Task brief:
The records underneath are to be printed in full and exactly, with no pictures carried over.

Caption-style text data

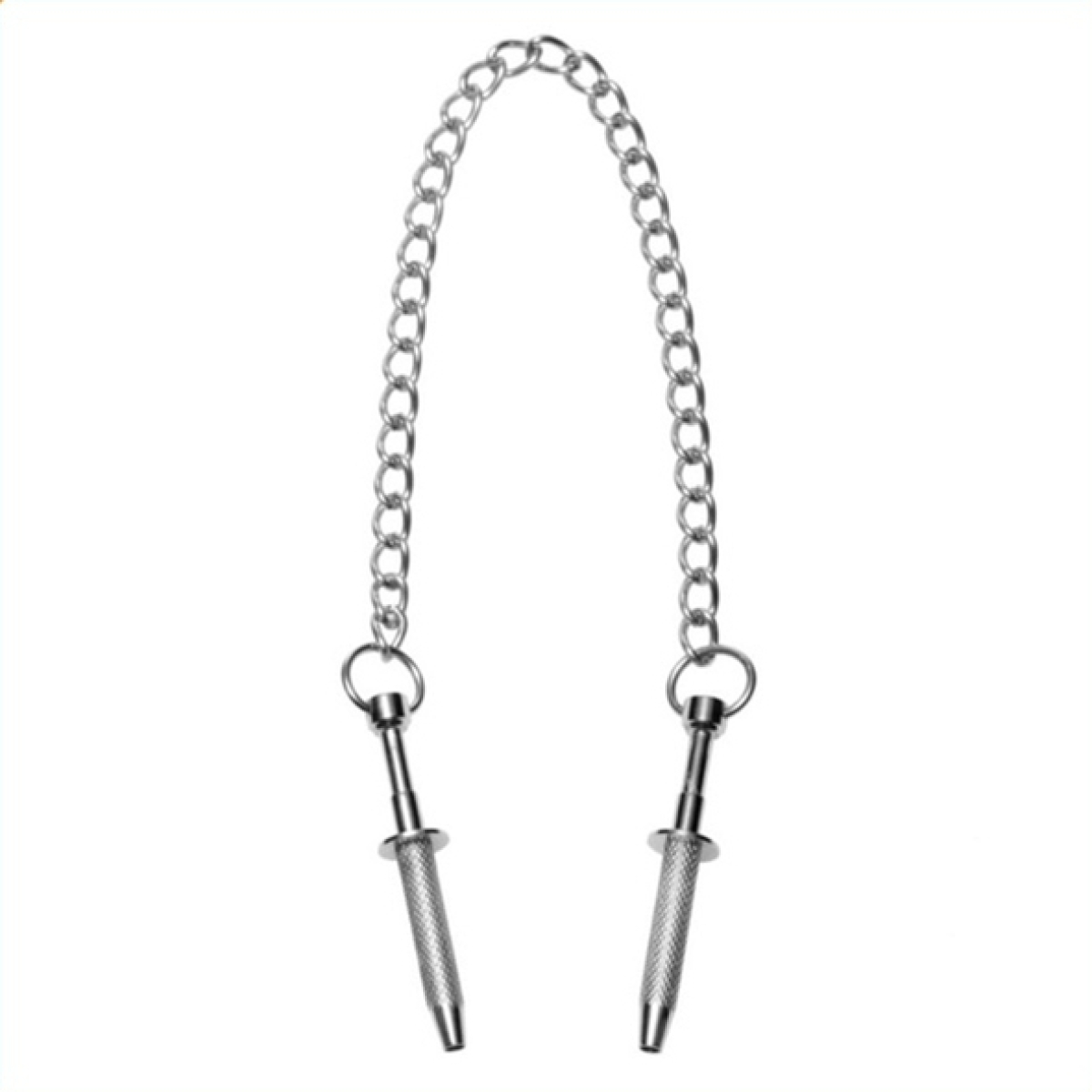 pinces tetons avec crochets extremes sensations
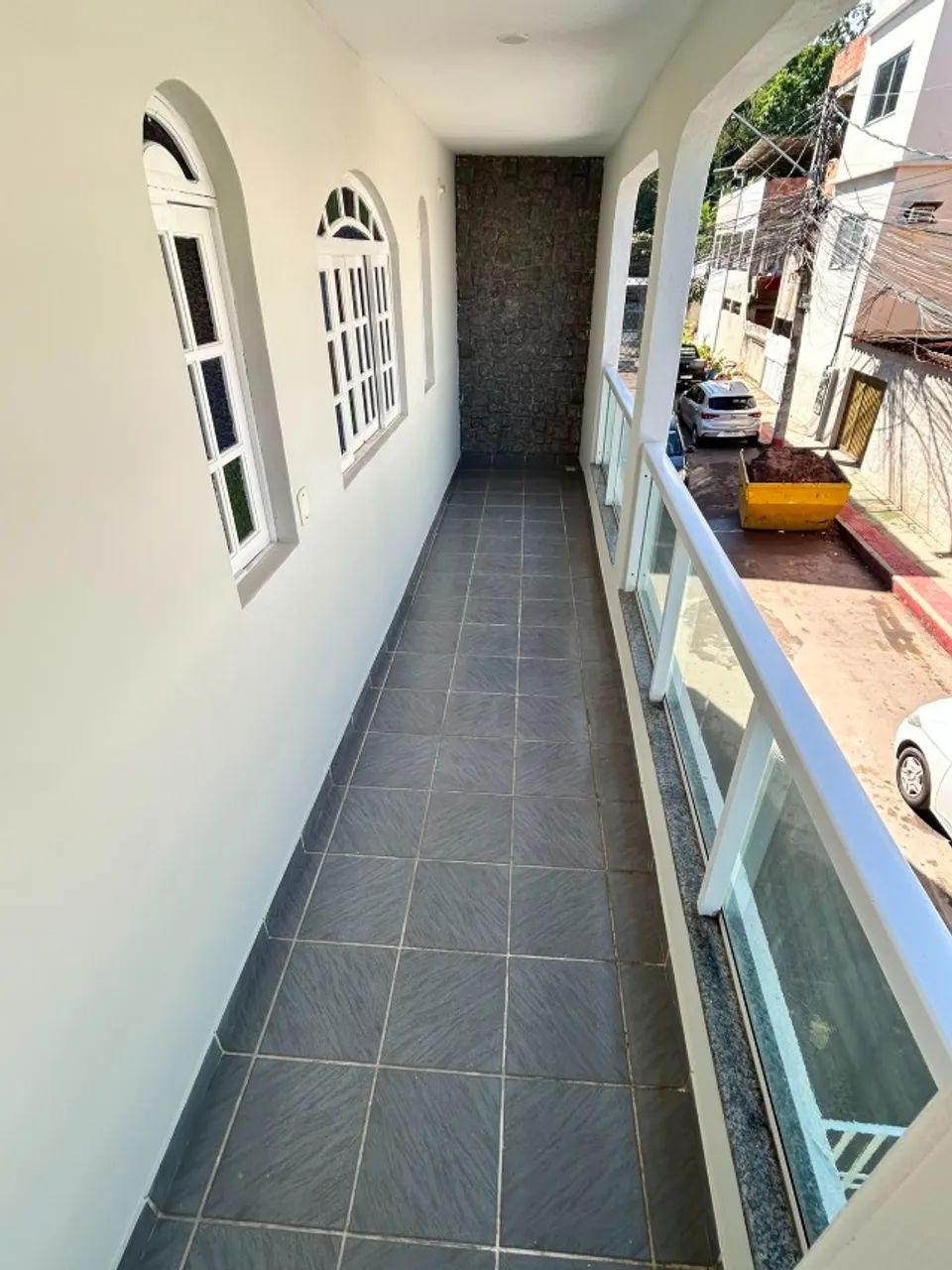Casa de 3 quartos com Suite em Bairro de Fátima - Serra - Foto 4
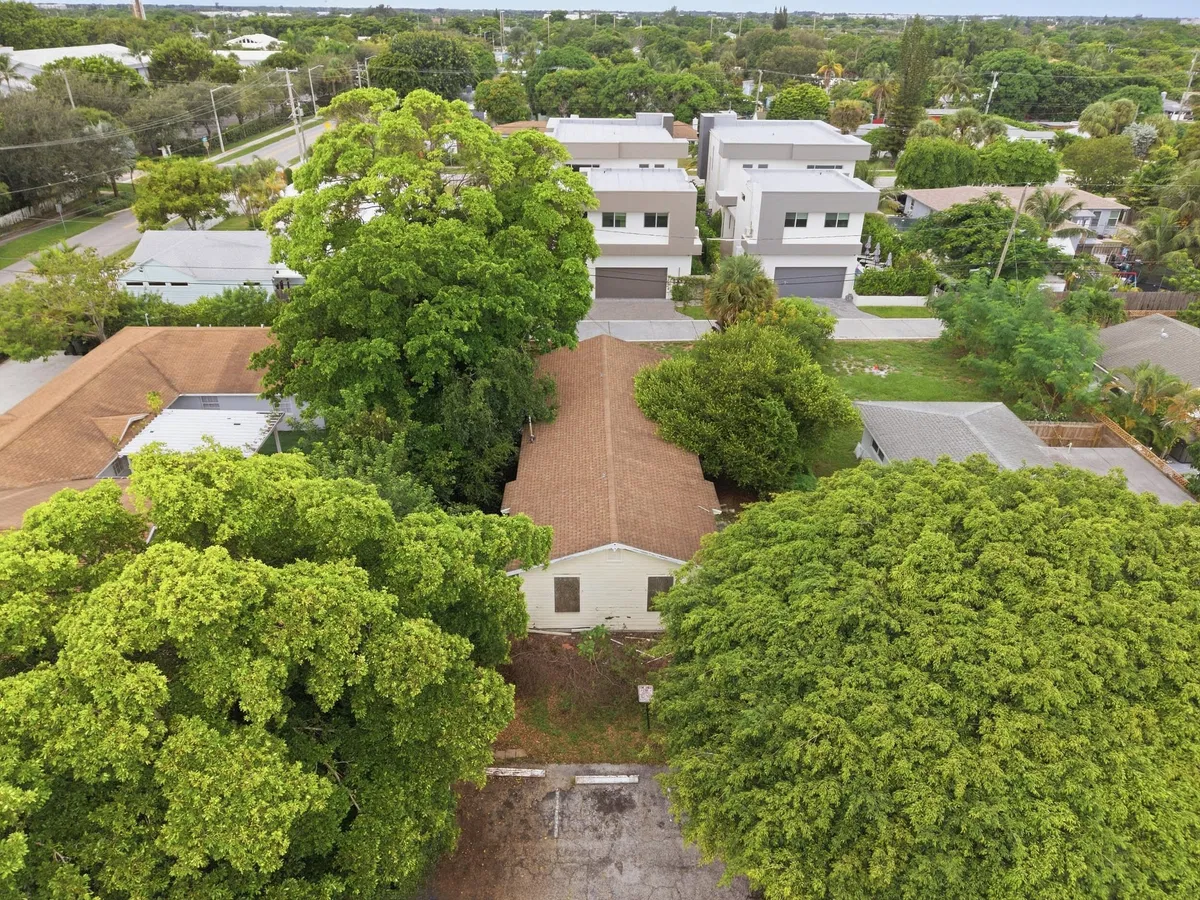 Downtown Delray Beach Residence photo 10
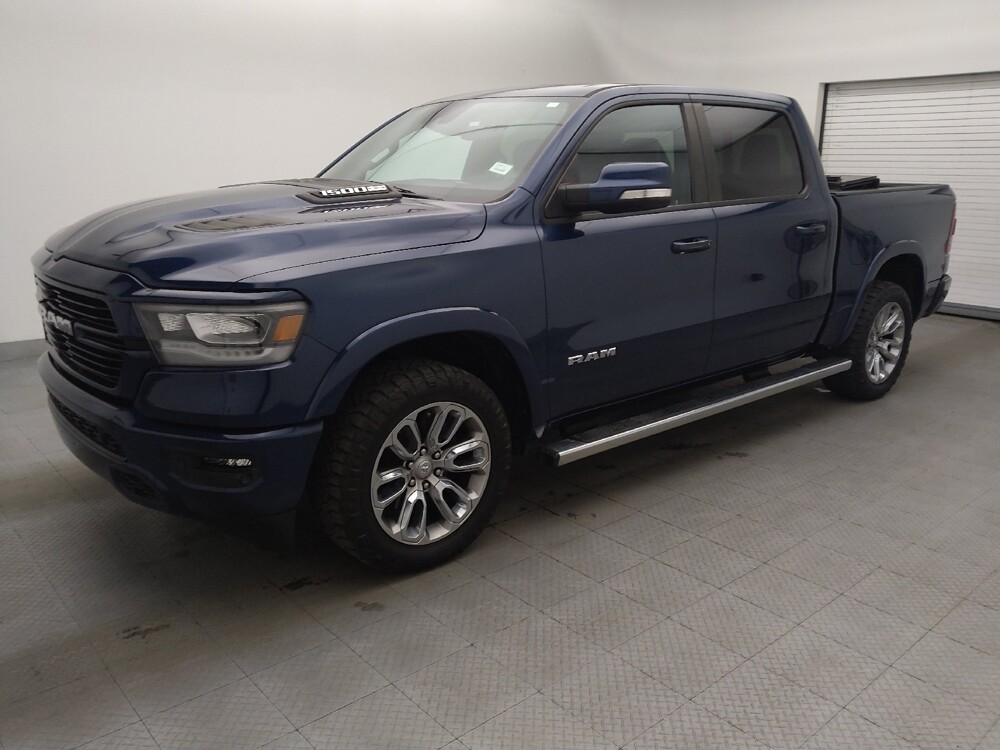 2021 RAM 1500 in Wilmington, NC 28405 - 18099706 2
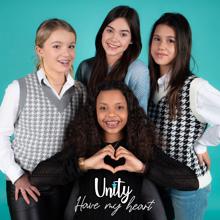 Unity: Have My Heart
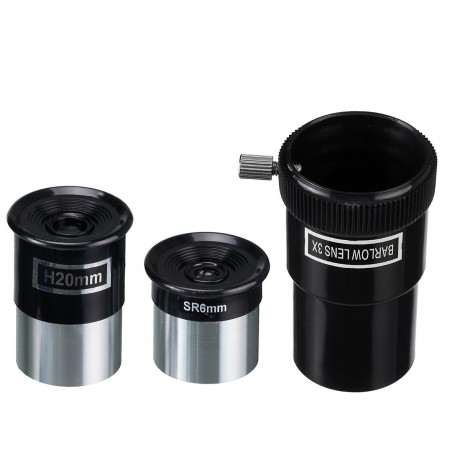 University of Oxford Kompaktes Reiseteleskop 114\/500 Компактный дорожный телескоп 114/500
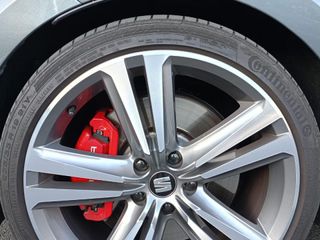 SEAT Leon SC 2.0 TSI 280cv St&Sp CUPRA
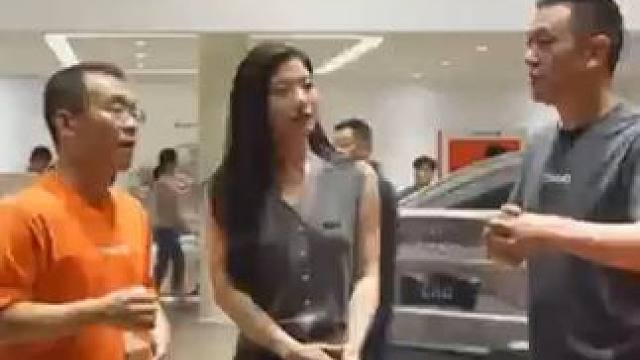 李斌：争取明年3月乐道产能超过2万台每月，排进销量榜前三  #乐道 #乐道L60  #新能源汽车 #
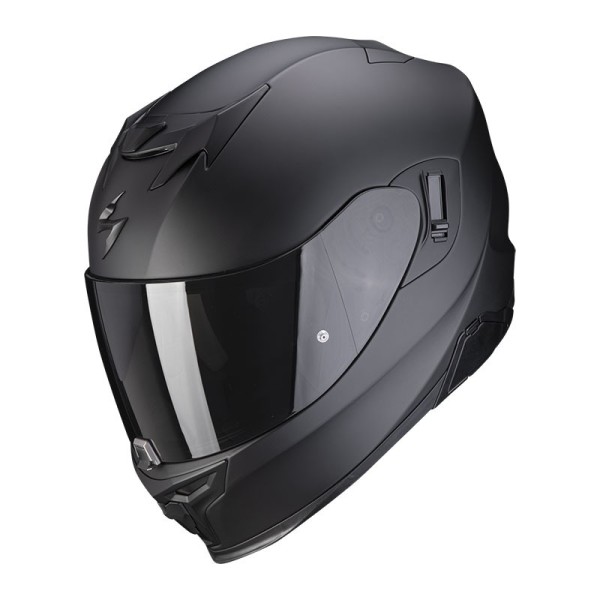 Scorpion Exo 520 Evo Air Solid helmet matt black
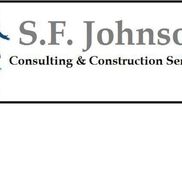 S F Johnson Consulting & Construction Services, Sacramento CA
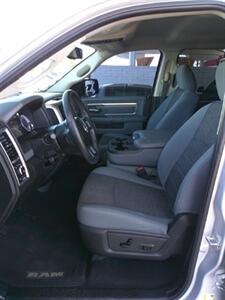 2019 RAM 1500 Classic Big Horn   - Photo 11 - Mesa, AZ 85202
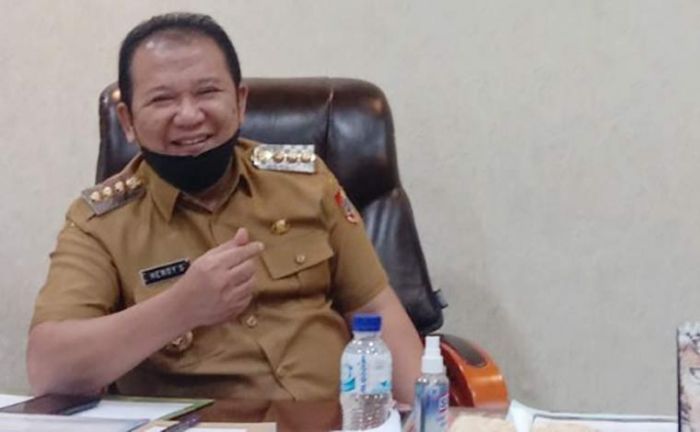 Bupati Hendy Dorong MUI Jember Salurkan Bantuan Sosial Setiap Tiga Bulan Sekali Bupati Hendy Dorong MUI Jember Salurkan Bantuan Sosial Setiap Tiga Bulan Sekali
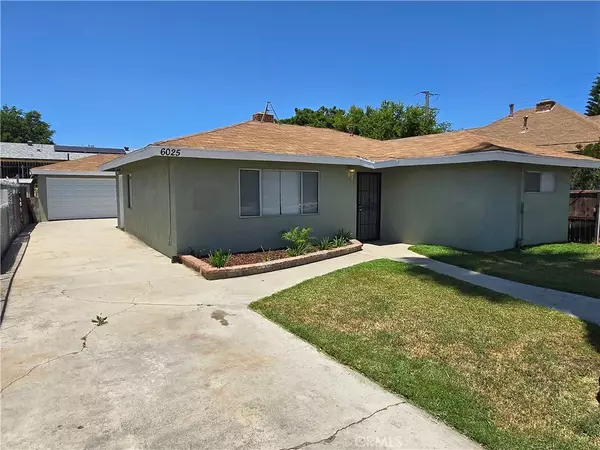 Riverside, CA 92504,6025 Florence Street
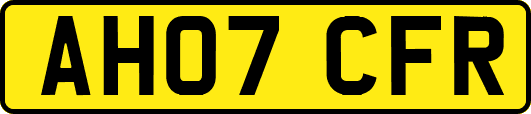 AH07CFR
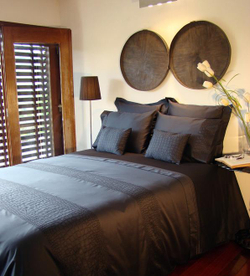 Элитный пододеяльник Крокодил от Bovi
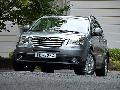 Фото Subaru Tribeca Limited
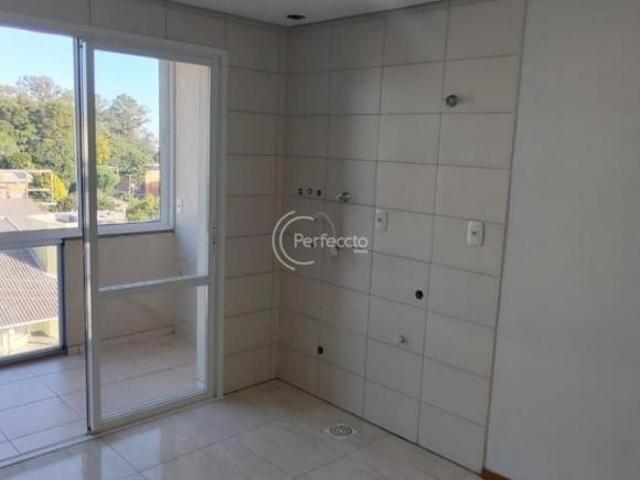 Venda Apartamentos 2 dormitórios Sagrada Família Caxias do Sul RS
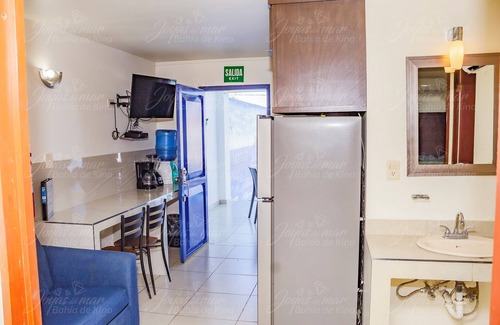 Bahía Kino Apartamento | Esmeralda Joyas del mar Bahía de Kino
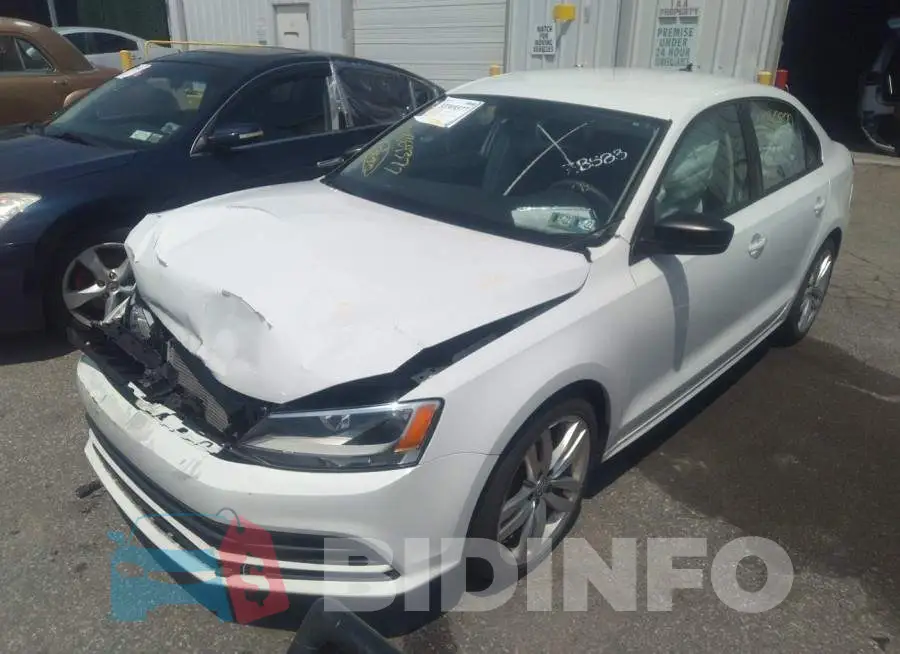 3VWD67AJ7GM403090 Photo# 2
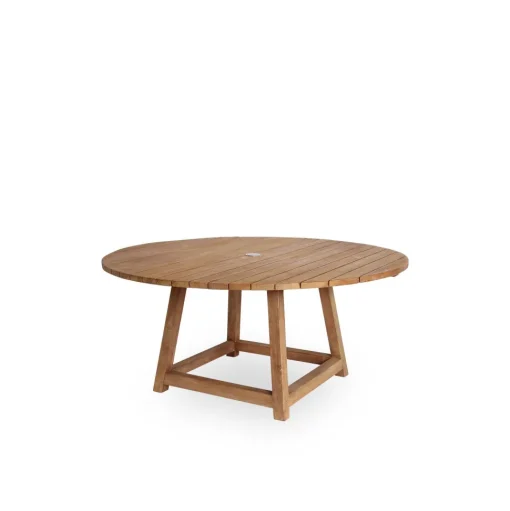Sika-Design George HavebordØ160 cm Teak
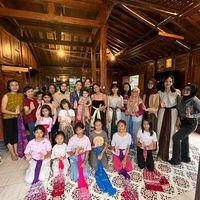 original sound - pamiranti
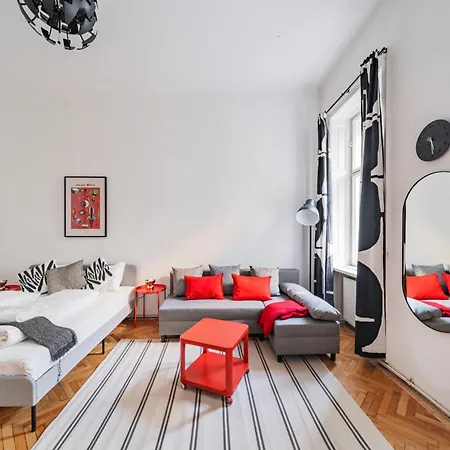 Charmante Stadtwohnung Apartment *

Response box:
 pinces tetons avec crochets extremes sensations
Casa de 3 quartos com Suite em Bairro de Fátima - Serra - Foto 4
 Downtown Delray Beach Residence photo 10
 2021 RAM 1500 in Wilmington, NC 28405 - 18099706 2
 Unity: Have My Heart
 University of Oxford Kompaktes Reiseteleskop 114\/500 Компактный дорожный телескоп 114/500
 SEAT Leon SC 2.0 TSI 280cv St&Sp CUPRA
 李斌：争取明年3月乐道产能超过2万台每月，排进销量榜前三  #乐道 #乐道L60  #新能源汽车 #
 Scorpion Exo 520 Evo Air Solid helmet matt black
 S F Johnson Consulting & Construction Services, Sacramento CA
 2019 RAM 1500 Classic Big Horn   - Photo 11 - Mesa, AZ 85202
 Bupati Hendy Dorong MUI Jember Salurkan Bantuan Sosial Setiap Tiga Bulan Sekali Bupati Hendy Dorong MUI Jember Salurkan Bantuan Sosial Setiap Tiga Bulan Sekali
 Riverside, CA 92504,6025 Florence Street
 AH07CFR
 Элитный пододеяльник Крокодил от Bovi
 Фото Subaru Tribeca Limited
 Venda Apartamentos 2 dormitórios Sagrada Família Caxias do Sul RS
 Bahía Kino Apartamento | Esmeralda Joyas del mar Bahía de Kino
 3VWD67AJ7GM403090 Photo# 2
Sika-Design George HavebordØ160 cm Teak
 original sound - pamiranti
 Charmante Stadtwohnung Apartment *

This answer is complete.